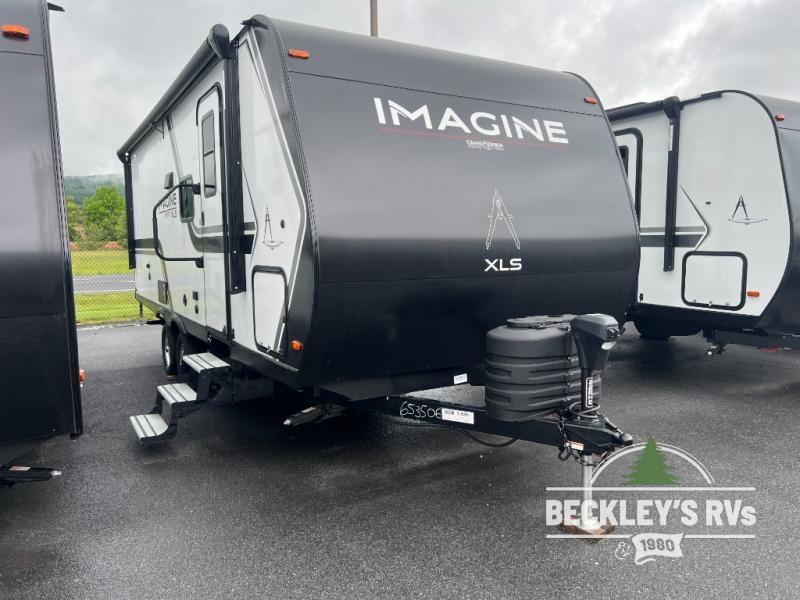 2025 Grand Design Recreational Imagine Narrow Body photo 2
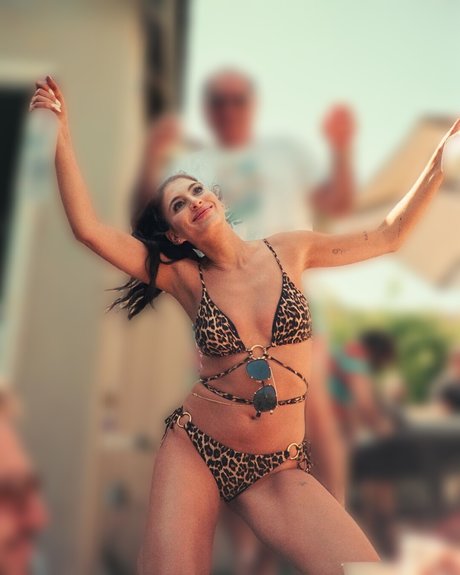 Ariana Basseri only fans pictures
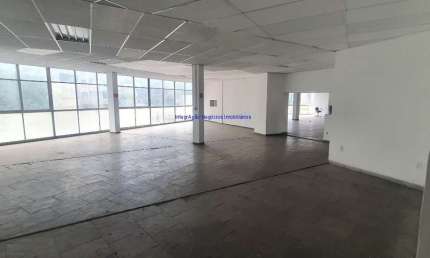 Loja 500m², 01 banheiro.  Excelente localização á 2 minutos andando para a estação do metrô Santa Cecília; Entre as Ruas Helvétia, Ana Cintra.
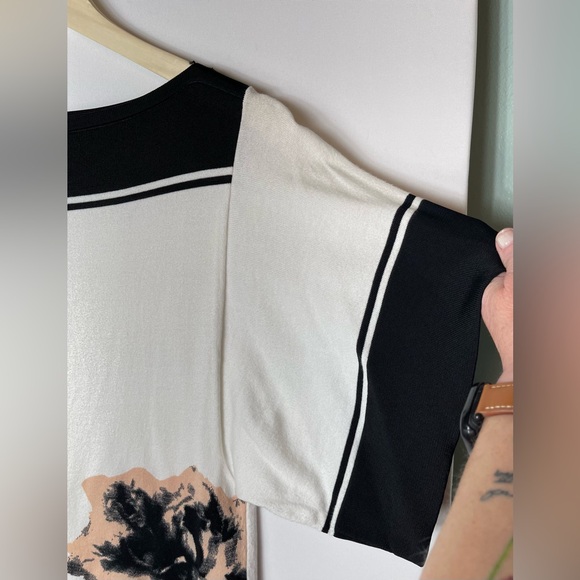 Vince Camuto Womens Short Sleeves Floral Neck Pullover Sweater Black Size Xs - Picture 2 of 7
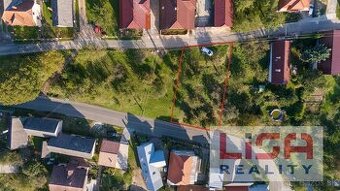 Pozemok na bývanie v podhorí – ideálne pre váš nový dom-chal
= = = =
**Exercise objective:** Copy nothing but the lines from the line that contains "Loja 500m², 01" through the end of the listing, exactly, and keep pictures out of it.

**Response:**
 Loja 500m², 01 banheiro.  Excelente localização á 2 minutos andando para a estação do metrô Santa Cecília; Entre as Ruas Helvétia, Ana Cintra.
 Vince Camuto Womens Short Sleeves Floral Neck Pullover Sweater Black Size Xs - Picture 2 of 7
 Pozemok na bývanie v podhorí – ideálne pre váš nový dom-chal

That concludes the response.